To that goal, as a second step, we ended up setting a new OpenSIPS instance that was acting as an SDP de-multiplexer, using the B2B SDP Demux module. The idea was to essentially split the recording/SIPREC call in two different calls, that were being sent to a FreeSWITCH instance for recording the media. With this setup, we were able to both place calls, and record them using the SIPREC protocol.

This is the step where the Sippy Software team joined the track and wanted to setup a new SRS (SIP Recording Server) using Sippy Software. This would replace our custom SRS built on top of OpenSIPS and FreeSWITCH, with a new stack based on Sippy Software and RTPProxy, leading to the same target: recording calls using the SIPREC protocol. This new project is open-source as well and can be found on GitHub as Sippy Recorder.

by Răzvan Crainea

DTLS Interop Testing

Since OpenSIPS does not handle media by itself, we initially skipped the DTLS track. However, we quickly realized that OpenSIPS can make itself useful in this track as well by providing access to WebRTC endpoints, which require DTLS for media. Thus, we created a WebRTC to UDP gateway by enabling the WebSocket interface in OpenSIPS. This would allow the other projects’ participants to originate calls with DTLS media from the browser and send them to the projects (i.e. Asterisk, Sippy Software) they were interested to test DTLS for.

by Răzvan Crainea

Hackathon

The hackathon ran in the last couple of days, with the main targetted topics being:

  • real-time Text-to-Speech (building on top of Microsoft’s SpeechT5 — a pre-trained model for Text-to-Speech)
  • New python package for running rtpproxy in an embedded fashion

While there were some monetary rewards up for grabs for completing any of the tasks in each class, our team went for some old-fashioned “paying off your technical debt”.
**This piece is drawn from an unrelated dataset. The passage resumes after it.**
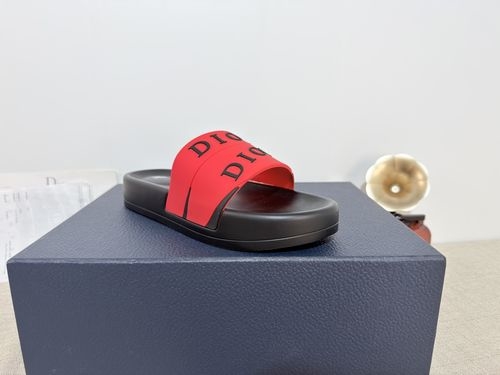 Christian Dior CD Slides Top Layer Leather PU Sole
So, we used the hackathon in order to write some extra SIPssert tests for the OpenSIPS stir_shaken module in sipssert-opensips-tests, cementing the fact that the issues during the event are fixed and will not return again.

Conclusions

All in all, taking part in the latest OpenSIPIt online was a valuable experience, as we not only tested our software and fixed bugs, but also got a better feel for how other people/projects view topics such as security, testing or fine-tuning a production-ready implementation of a given specification.

We would like to give a big “Thank you!” to Maxim Sobolyev (Sippy Software) for making the event happen and for your efforts on bringing the community together: from mailing lists to building the website to scheduling and running the event.

Cheers, all! Looking forward to the next edition!